Teaching Through Food: Conflict Kitchen Sparks Dialogue in Pittsburgh
One of the first reasons that Jon Rubin and his partner, Dawn Weleski, started the Conflict Kitchen was as a response to what was missing in Pittsburgh. The Conflict Kitchen is a take-out restaurant that serves cuisine from countries with which the U.S. is in conflict. The kitchen rotates in a new cuisine and country every four to six months, and the idea is to spark dialogue and engage the community.
“The food we sell is a great storytelling device,” said Rubin. It helps “our customers to engage with the project, which is trying to expand the conversation that [customers] might have, or introduce a conversation they might not have about what the politics and daily life are like in those countries.”

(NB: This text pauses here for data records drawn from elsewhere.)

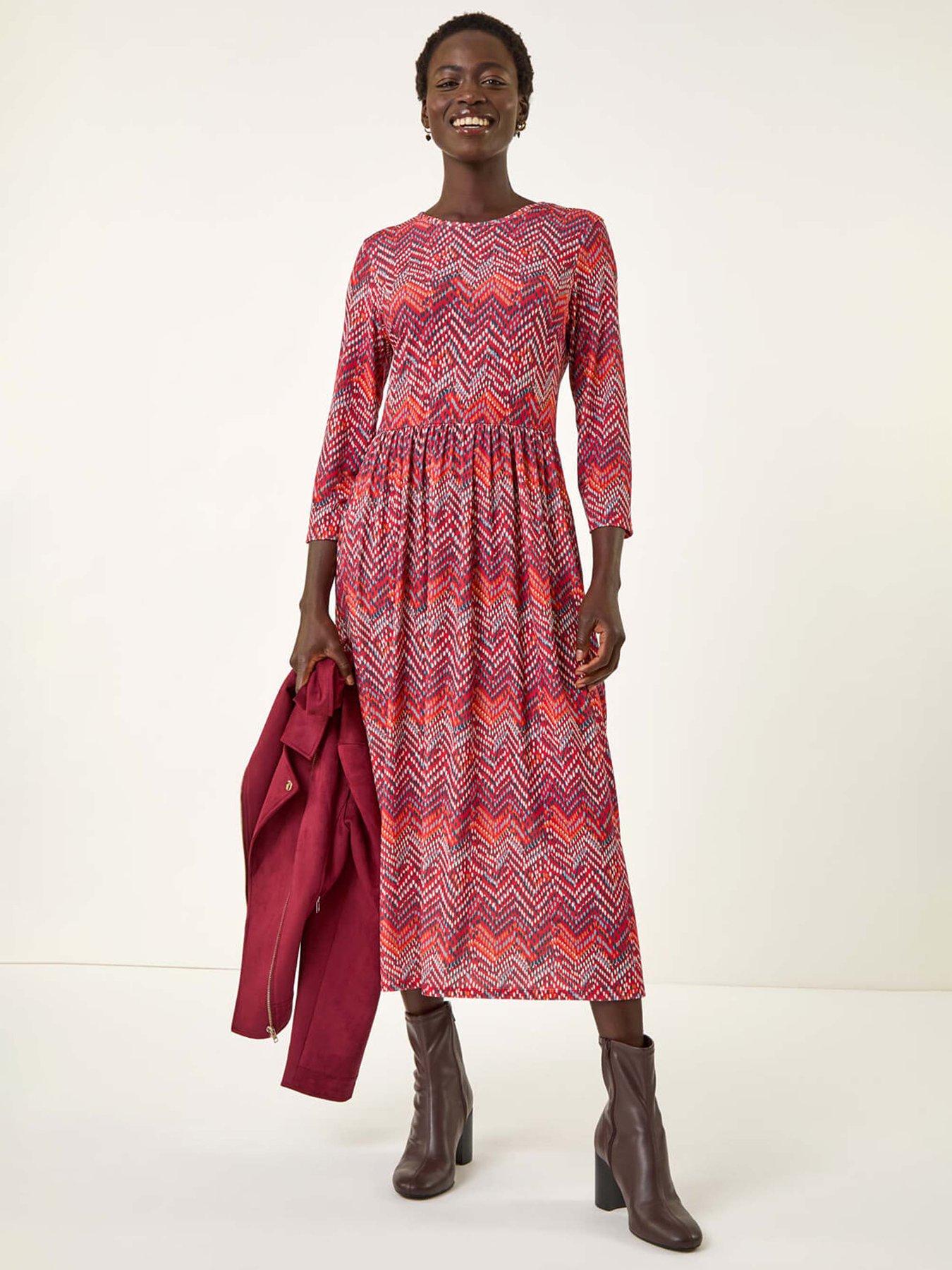 Roman Zig Zag Print Midi Dress - Red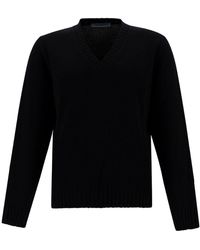 GAUDENZI - Sweater With V Neck And Ribbed Trims - Lyst
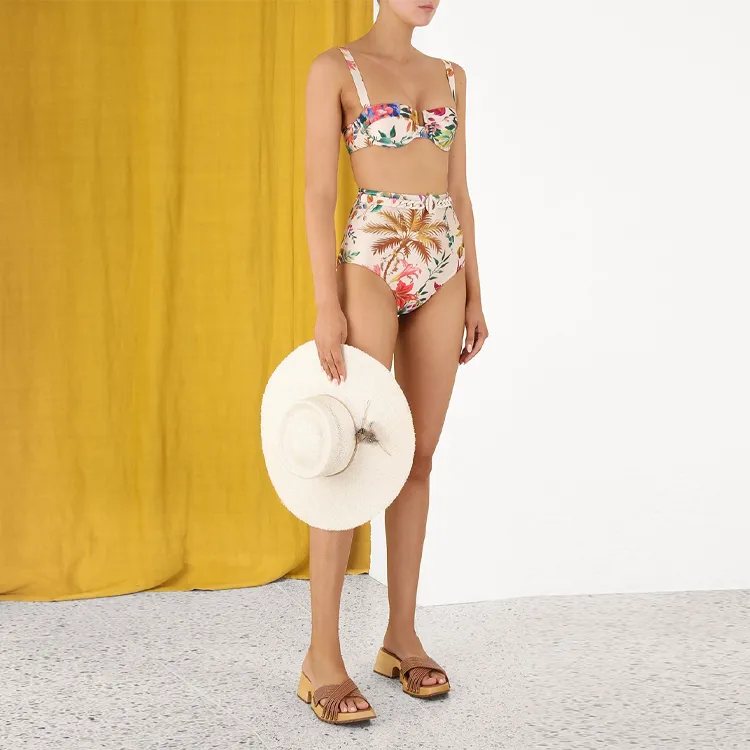 Zimmermann Tropicana Balconette Floral Print Bikini Top-4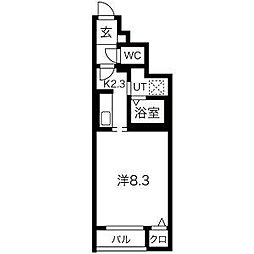 上野ハイツ 1階1Kの間取り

The project works with communities in Pittsburgh that representative of the different conflict countries, and they come up with a menu of the street food you would find in the major cities of each country. They have included vegetarian and sometimes vegan options on every menu, and have so far covered food from Afghanistan, Iran, and Venezuela. Cuba is next, and Rubin said that each time, the Conflict Kitchen has been the only restaurant in Pittsburgh serving that particular cuisine.
Every time the restaurant changes, it closes down and changes not only the menu, but the food packaging and the storefront as well.
Right now, the Conflict Kitchen is a Venezuelan restaurant–La Concina Arepas, which serves homemade arepas that members of Pittsburgh’s Venezuelan community helped to develop. The arepas are served in packaging that features interviews with Venezuelans in both Venezuela and the U.S. on subjects ranging from food and culture to geopolitical issues.
The Conflict Kitchen also does events and programming. One event organized with representatives of a Persian student organization brought in about 200 people, while smaller events have engaged people directly with another country. The Conflict Kitchen hosted a phone call between Pittsburgh and Tehran, for example, where people “shared” a meal together, and organized a similar call with filmmakers in Kabul and a community radio show in Caracas. The restaurant has been hosting school trips, as well.
The Conflict Kitchen is a take-out restaurant window, and Rubin said people will get into discussions right there on the street. He said the restaurant staff often helps spark those conversations–and that an interest in global issues and in conversing with strangers are the most important qualities he looks for in a chef. “We feel we can teach anyone to cook,” he said. Many customers don’t need the prodding and engage on their own.
And that, Rubin said, is the underlying goal of the project: to get people talking, engaging, and learning.
“Oftentimes, something that in America we don’t do very often–outside of the realm of protests–is talk about politics with strangers in public.” We feel there needs to be more situations or platforms in which people can have civil engagement about their views and opinions, and not only just engage with each other, but hopefully learn from each other.”